ATA/5/2020 du 07.01.2020 ( TAXIS ) , REJETE

En fait
En droit
RÉPUBLIQUE ET CANTON DE GENÈVE

 

POUVOIR JUDICIAIRE

A/992/2018-TAXIS ATA/5/2020

COUR DE JUSTICE

Chambre administrative

Arrêt du 7 janvier 2020

 

dans la cause

 

A______
représentée par Me Jacques Roulet, avocat

contre

SERVICE DE POLICE DU COMMERCE ET DE LUTTE CONTRE LE TRAVAIL AU NOIR



EN FAIT

1) Le 19 février 2018, le service de police du commerce et de lutte contre le travail au noir (ci-après : PCTN) a adressé à A______ (ci-après : A______) six factures de CHF 1'400.- chacune, visant les taxes annuelles d'usage accru du domaine public instituées par l'art. 26 al. 1 du règlement d'exécution de la loi sur les taxis et les voitures de transport avec chauffeur du 21 juin 2017 (RTVTC - H 1 31.01).

2) Le 22 mars 2018, A______ a déposé à la chambre administrative de la Cour de justice (ci-après : la chambre administrative) six actes de recours contre les six décisions précitées. Ces recours ont été joints d'entrée de cause et ouverts sous un numéro de procédure unique.

A______ était titulaire de permis de service public pour les véhicules 1______, 2______, 3______, 4______, 5______ et 6______. Ces permis de service public avaient été transformés en autorisations d'usage accru du domaine public selon la législation entrée en vigueur le 1er juillet 2017.

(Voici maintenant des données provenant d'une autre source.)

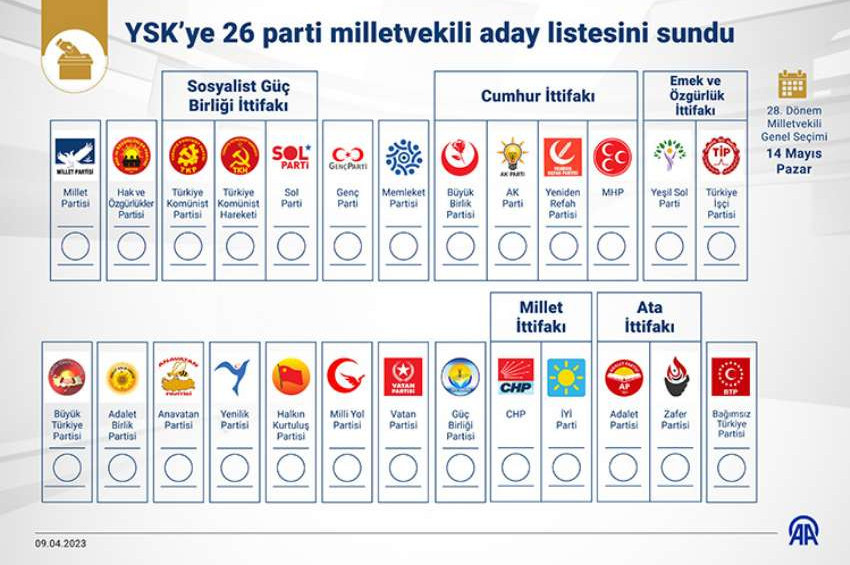Seçimde 13 parti tek başına, 13 parti ittifakla giriyor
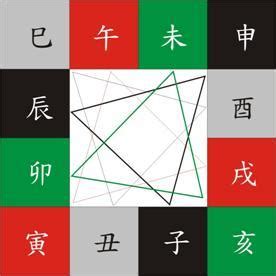 三合六合八字|地支、三合、三會、六合、六害、三刑各代表的意義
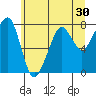 Westport tide chart for Thursday, June 30, 2022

Parallèlement, les chauffeurs salariés qui étaient en liste d'attente pour obtenir des permis de service public se voyaient délivrer une autorisation d'usage accru du domaine public. Les chauffeurs salariés de A______ étaient devenus indépendants, ce qui avait amené la société à déposer à l'office cantonal des véhicules (ci-après : OCV) la plaque 4______ le 30 novembre 2017, puis les plaques 1______ et 5______ le 3 janvier 2018. Le PCTN avait indiqué que ces dépôts permettraient d'éviter le paiement de la taxe d'usage accru du domaine public, nouvellement introduite.

Toutefois, A______ avait reçu six factures pour des taxes uniques d'usage accru du domaine public, sans pouvoir identifier le véhicule visé par chacune de ces factures. Il n'avait pas eu d'autre choix que de recourir contre l'ensemble de ces décisions.

A______ concluait, dans chacun des recours, à la jonction des six recours et à l'annulation des six factures. Dès lors que les bordereaux de facture ne désignaient pas l'objet de la taxe prélevée, son droit était violé, car ils ne pouvaient identifier l'objet concerné.

Cette taxe devait être perçue pro rata temporis du fait du caractère causal de la taxe, ce dont il n'avait pas été tenu compte pour les plaques déposées.

En conséquence, ces taxes visaient un usage accru du domaine public dont la recourante ne bénéficiait pas.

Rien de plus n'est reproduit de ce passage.